All firewood must be kept a minimum of 6 inches from the building in a raised holder. Firewood may not be stored on the balconies or in the breezeways. Fresh-cut firewood needs time to dry - at least 3 months - before it is ready to burn in the fireplace.

Be careful when disposing of ashes!! Embers can remain burning in the ashes for several hours after your fire is out. It is best to clean the ashes after the fireplace has not had a fire for a few days. If you must clean it before then, be sure to put the ashes in a METAL bucket or container, and place the bucket or container away from the building and away from any combustible materials.

Bathroom Sinks

Many of the originally installed bathroom sinks are rusting out causing the paint to chip away. There are replacements available from the local home improvement stores. One particular model that fits well in the existing hole is the American Standard "20x17 cadetbn", Home Depot stock number 033056552728, about $67.00. Apparently it is also available at Lowes. The color matches well and the design is similar, although not identical. The sink is ceramic, so it won't rust like the original metal design. Another option is the Crane 1280V08, color Bone, Lowe's stock number 165598. It has to be special ordered, but it is ceramic and an almost exact match to what was there in size, color, and appearance. Cost is around $96. Moen makes a faucet that is very similar to the original, Lowe's stock number 27369, LAV FCT 1HDL CHROME 84521, about $58.

Chipped Sink

Toilet Valve


Many of the valves in the toilet tank are springing leaks and causing water to squirt out of the tank when you flush the toilet. It is easly to replace the original valve with a new one. Both Lowe's and Home Depot sell replacement values such as the one shown on the left. Cost is around $7. It is also easy to replace the original copper water supply line with a flexible one. The fittings are 3/8" compression on one end, and 7/8" toilet on the other. There are a couple of different fitting types, so make sure you get the right ones. If you can't find exactly the right length, just buy the 20" version and put a curly-q in it as shown to the right. Cost is around $4. Be sure not to overtighten the couplings on flexible supply lines!!! Since they have rubber gaskets, they don't need to be very tight, and overtightening them will damage the gasket and cause future leaks. Hand tighten, then at most turn 1/4 of a rotation more with a wrench.
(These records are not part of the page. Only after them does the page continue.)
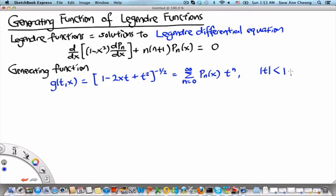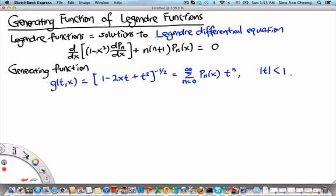Welcome to the MH2801 video segment on the generating function of Legendre functions. Legendre functions are solutions to the Legendre differential equation, which reads: d/dx acting on (1 minus x squared) times dPn/dx, plus n times (n plus 1) times Pn(x), equals zero.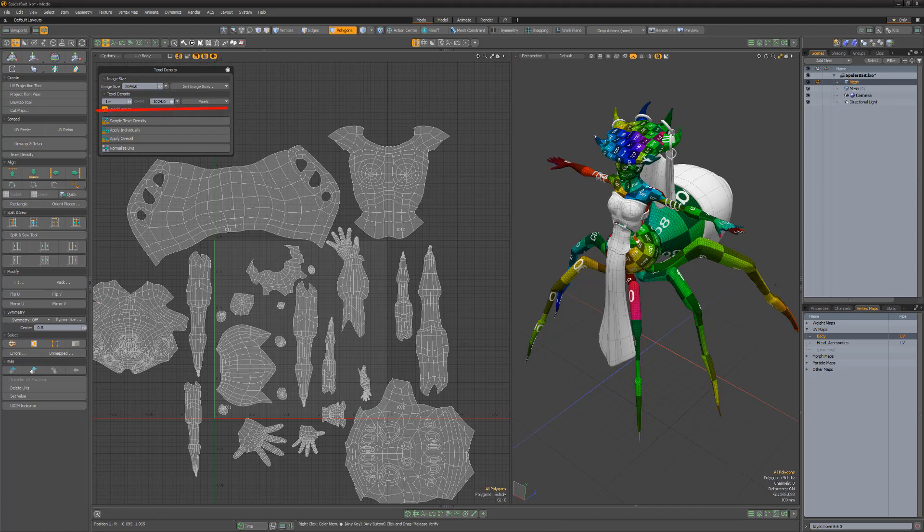You can manually specify the Texel Density value, the coverage amount, and the units used.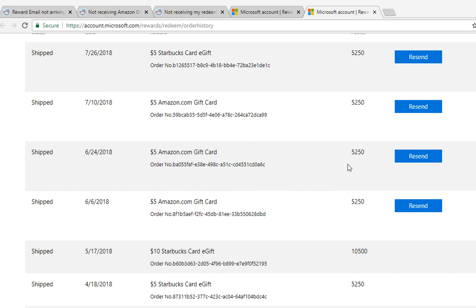Recently I've been trying to redeem one of my Microsoft Rewards gift cards. I tried it on the 25th and after a day I didn't receive it.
Although replacing the valve is easy (about 10 minutes if you know what you're doing), get assistance if you are not comfortable with this, as a leak can be very damaging and expensive. If your toilet leaks, you will be responsible for the damage it does, NOT the association!

Toilet Supply Line

Outdoor Water Faucet

All the two-story townhomes have an outdoor water faucet made by Mansfield Plumbing. The plastic handles on some of these faucets has deterioriated and broken off. In 2007 Mansfield sold this portion of their product line to a company called Prier Products. Despite this, an exact replacement is still available from If the direct link doesn't work, it's item code MAN-630-7965. The manufacturer's part number on the box is 630-7965, and the description is Wall Hydrant Handle Kit. The minimum quantity is two pieces, which will cost you about $18 by the time you add shipping charges, but it's a lot cheaper than replacing the entire faucet.

If your faucet is leaking around the plastic disk just above the handle, it probably has a broken "vacuum breaker". There is a repair kit available for this also from Locke Plumbing. If the direct link doesn't work, it's item code MAN-630-7500, and manufacturer part number 630-7500. Cost is about $5 (Summer 2008), plus about $9 of shipping/handling. The replacement installs easily with common tools, unless the old one has snapped off, in which case it can be difficult to unscrew the remaining body. A 5/8" piece of metal (or a really big regular screwdriver) will do the trick. Anything else and you risk damaging the threads which could require a whole new valve (not easy).